Exercise goal: Your copy of the data should match it exactly, except that the pictures are gone.

(Crawled caption data)
________________________
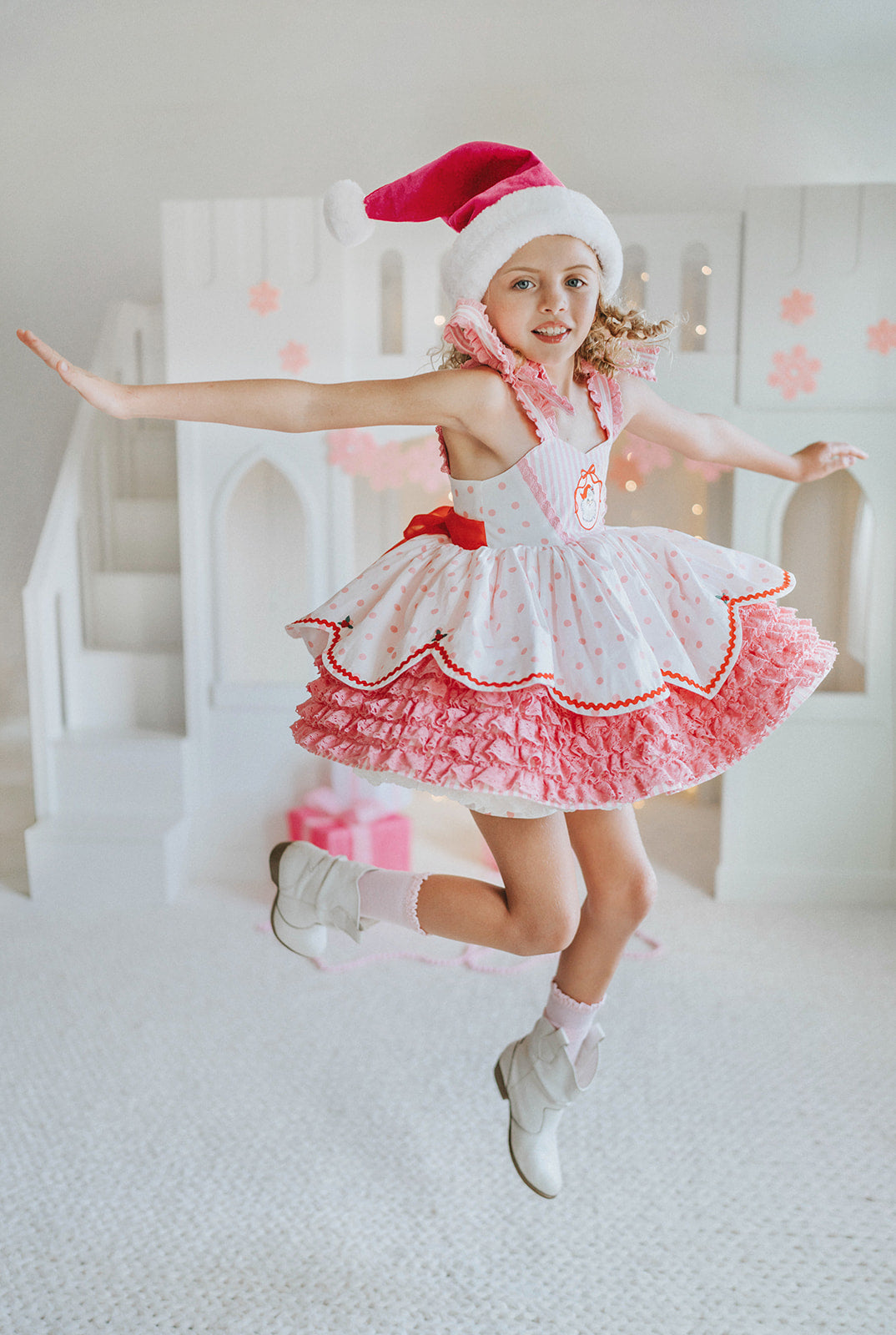 Pink Peppermint Santa Pettiskirt Dress - PREORDER
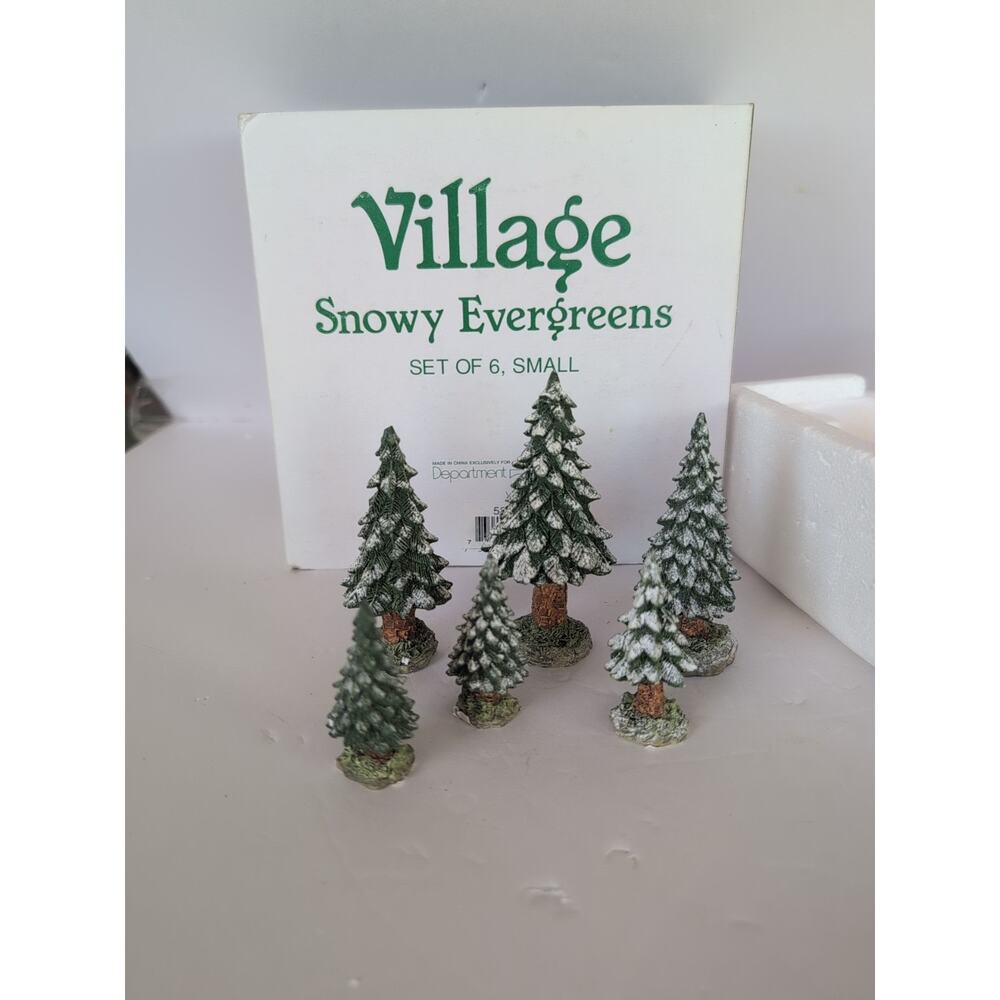Dept 56 Accessories Village‎ Snowy Evergreen Trees Set of 6 #52612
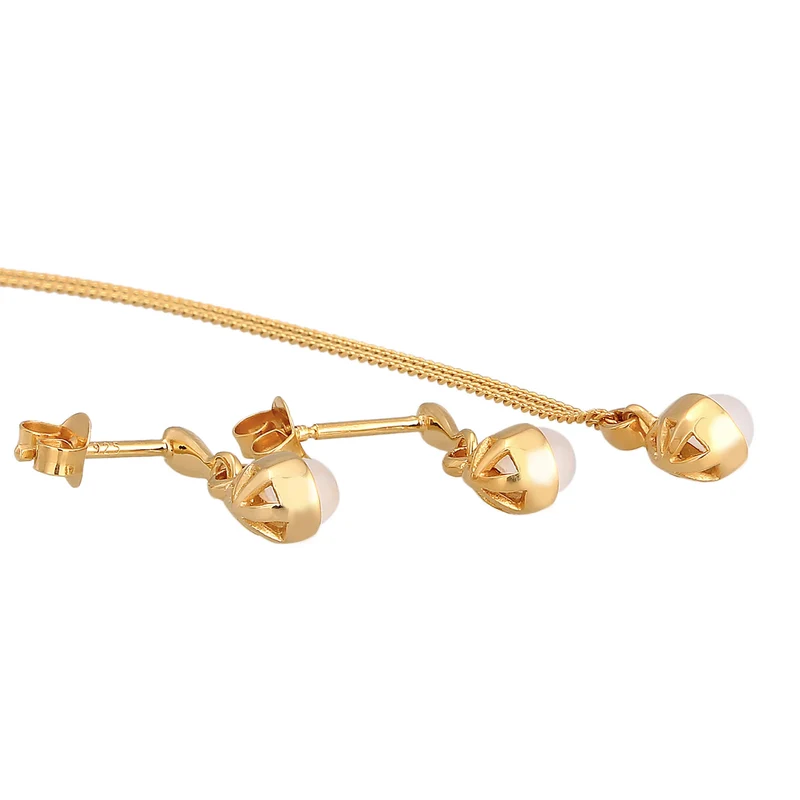 Schmuckset Tropfen | Mondstein (Weiß)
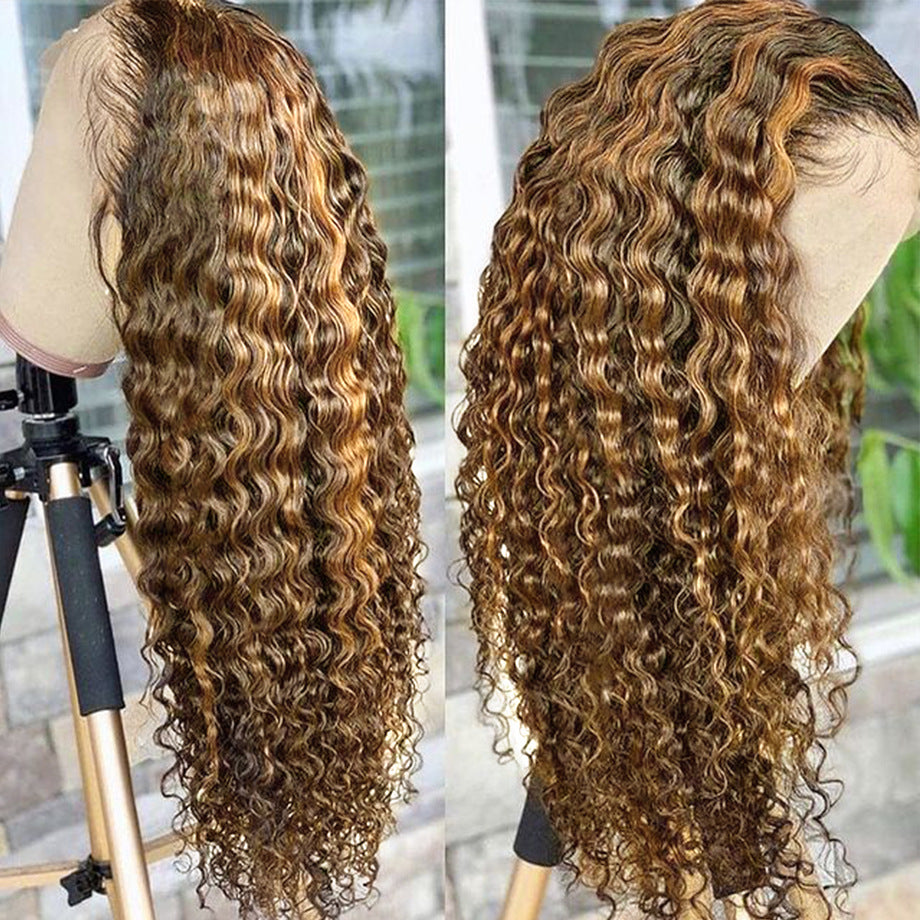 Real Human Hair Highlighting Headgear Lace Frontal Wig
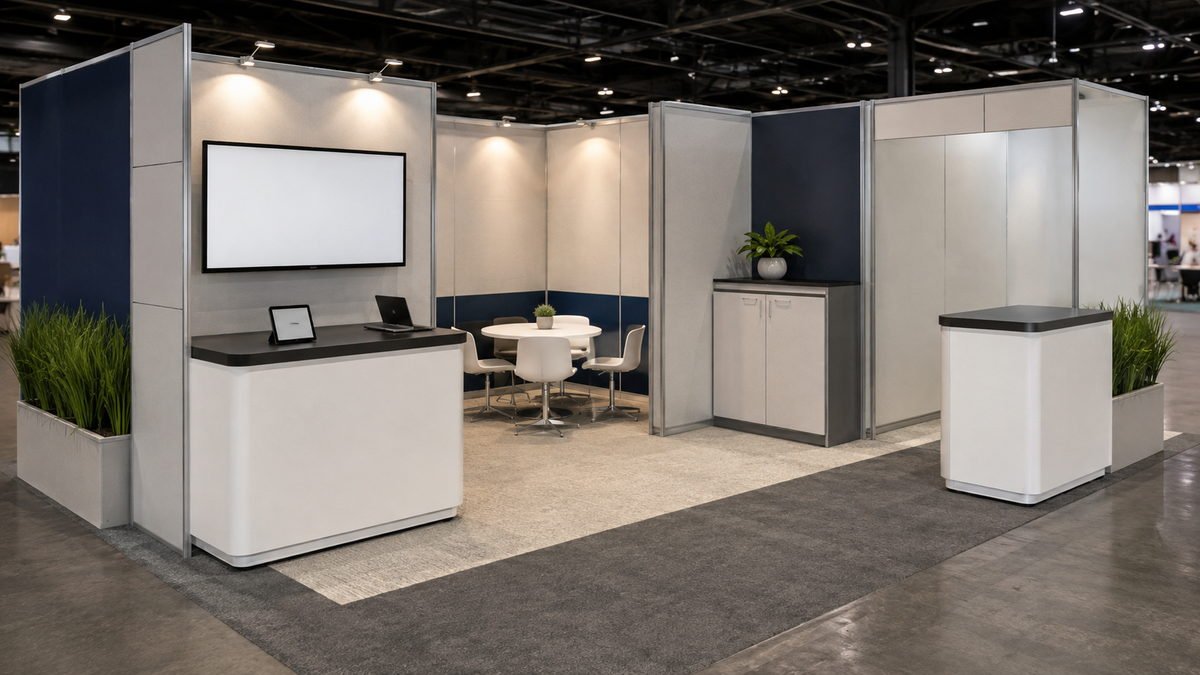 Trade show booth layout with demo meeting storage and aisle zones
________________________
Problem solution:
 Pink Peppermint Santa Pettiskirt Dress - PREORDER
Dept 56 Accessories Village‎ Snowy Evergreen Trees Set of 6 #52612
 Schmuckset Tropfen | Mondstein (Weiß)
 Real Human Hair Highlighting Headgear Lace Frontal Wig
 Trade show booth layout with demo meeting storage and aisle zones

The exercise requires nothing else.